Aku ingin abadi di langit dan menari di setiap gunung, pesisir pantai, setiap lembah, ataupun hutan rimba sembari menemani setiap insan dalam tangis maupun bahagia.
Namun, kini aku teralienasi dari rumah sendiri, tempat sendiri, ditolak hingga aku terkucil dan diasingkan dari bumi Cenderawasih yang ku cinta.
Hati sangat teriris dengan melihat semua ini dan hanya bisa meratapi nasib dari lorong nan sunyi bersama pusara- pusara tanpa nama yang terbaring kaku.

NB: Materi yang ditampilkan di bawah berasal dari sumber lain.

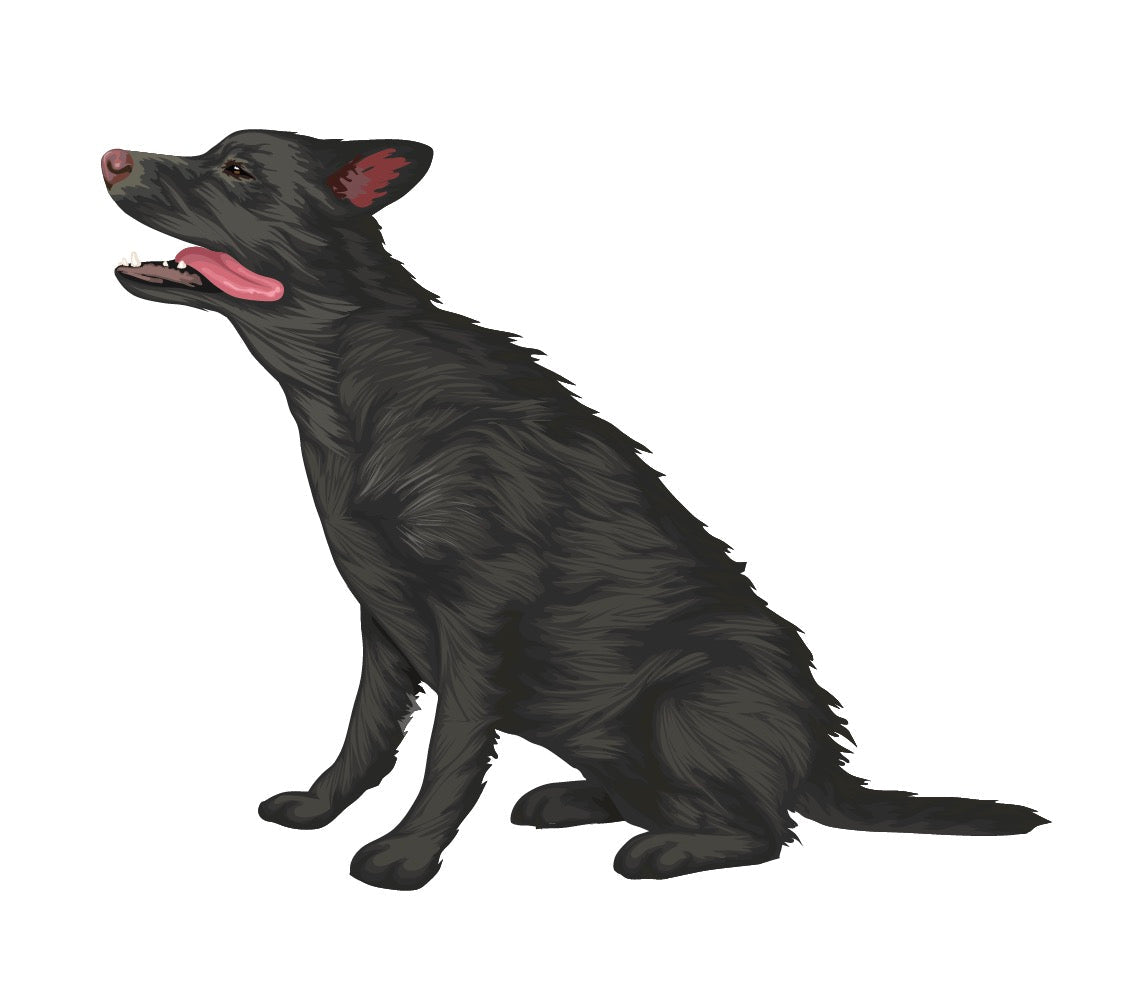 Labrador Retriever Decals - Cover-Alls Decals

19 Desember, Ya. Itulah hari malapetaka bagiku dan tak pernah hapus dari benakku. Semenjak itu kebahagian ku di rebut paksa dengan moncong senjata.
Kalah itu hingga kini ku terbiasa dengan tubuh yang berlumuran darah dan air mata. akhirnya setiap insan yang mau menolongku di Cap separatis, monyet, kkb, teroris dsb.
Barangkali jiwa dan roh ku telah dikubur hidup- hidup di kala 19 desember 1961
dan kini ku hanya bisa meratapi nasib sedih. Nasib nan tak pernah di impihkan.
Namun, aku belum Mati. dan takkan perna Mati!! Sesungguhnya, Jiwa dan Rohku akan terpatri dalam setiap insan yang lahir dari rahim- rahim nan Tertindas dan Terhisap.